*** Block opens ***

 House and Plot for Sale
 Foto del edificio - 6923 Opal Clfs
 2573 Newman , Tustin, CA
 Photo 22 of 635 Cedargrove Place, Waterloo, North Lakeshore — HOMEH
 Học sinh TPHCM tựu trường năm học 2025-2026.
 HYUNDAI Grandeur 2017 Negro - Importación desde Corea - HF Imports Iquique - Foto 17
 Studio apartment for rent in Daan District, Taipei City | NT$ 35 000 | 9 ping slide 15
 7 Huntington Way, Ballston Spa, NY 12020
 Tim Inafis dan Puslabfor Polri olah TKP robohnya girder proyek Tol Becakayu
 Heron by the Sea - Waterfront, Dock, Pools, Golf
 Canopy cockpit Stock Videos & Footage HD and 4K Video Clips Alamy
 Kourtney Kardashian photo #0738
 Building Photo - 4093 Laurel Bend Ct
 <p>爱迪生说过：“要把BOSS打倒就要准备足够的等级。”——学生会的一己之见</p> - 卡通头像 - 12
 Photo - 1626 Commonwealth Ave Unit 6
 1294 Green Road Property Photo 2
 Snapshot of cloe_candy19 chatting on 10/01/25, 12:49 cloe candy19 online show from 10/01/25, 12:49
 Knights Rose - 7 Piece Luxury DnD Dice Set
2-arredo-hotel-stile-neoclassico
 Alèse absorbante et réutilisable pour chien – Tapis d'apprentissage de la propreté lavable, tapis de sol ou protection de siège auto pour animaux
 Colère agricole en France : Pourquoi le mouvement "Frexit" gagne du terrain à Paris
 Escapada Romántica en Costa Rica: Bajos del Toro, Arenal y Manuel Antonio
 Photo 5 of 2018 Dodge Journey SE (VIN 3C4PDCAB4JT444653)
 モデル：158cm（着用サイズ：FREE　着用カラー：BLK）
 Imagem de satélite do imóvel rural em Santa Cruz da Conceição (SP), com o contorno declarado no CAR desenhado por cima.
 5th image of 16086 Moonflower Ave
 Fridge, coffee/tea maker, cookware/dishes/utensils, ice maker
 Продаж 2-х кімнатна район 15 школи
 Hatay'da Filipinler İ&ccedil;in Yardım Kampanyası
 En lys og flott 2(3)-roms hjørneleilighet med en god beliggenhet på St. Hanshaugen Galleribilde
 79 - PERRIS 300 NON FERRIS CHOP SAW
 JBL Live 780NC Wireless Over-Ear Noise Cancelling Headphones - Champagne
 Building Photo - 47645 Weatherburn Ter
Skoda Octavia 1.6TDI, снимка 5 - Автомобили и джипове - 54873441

*** Block closes ***

Up to and including the line with "Building Photo - 4093 Laurel Bend Ct", repeat the entries exactly, beginning at their first line.

▶ _Response_:
 House and Plot for Sale
 Foto del edificio - 6923 Opal Clfs
 2573 Newman , Tustin, CA
 Photo 22 of 635 Cedargrove Place, Waterloo, North Lakeshore — HOMEH
 Học sinh TPHCM tựu trường năm học 2025-2026.
 HYUNDAI Grandeur 2017 Negro - Importación desde Corea - HF Imports Iquique - Foto 17
 Studio apartment for rent in Daan District, Taipei City | NT$ 35 000 | 9 ping slide 15
 7 Huntington Way, Ballston Spa, NY 12020
 Tim Inafis dan Puslabfor Polri olah TKP robohnya girder proyek Tol Becakayu
 Heron by the Sea - Waterfront, Dock, Pools, Golf
 Canopy cockpit Stock Videos & Footage HD and 4K Video Clips Alamy
 Kourtney Kardashian photo #0738
 Building Photo - 4093 Laurel Bend Ct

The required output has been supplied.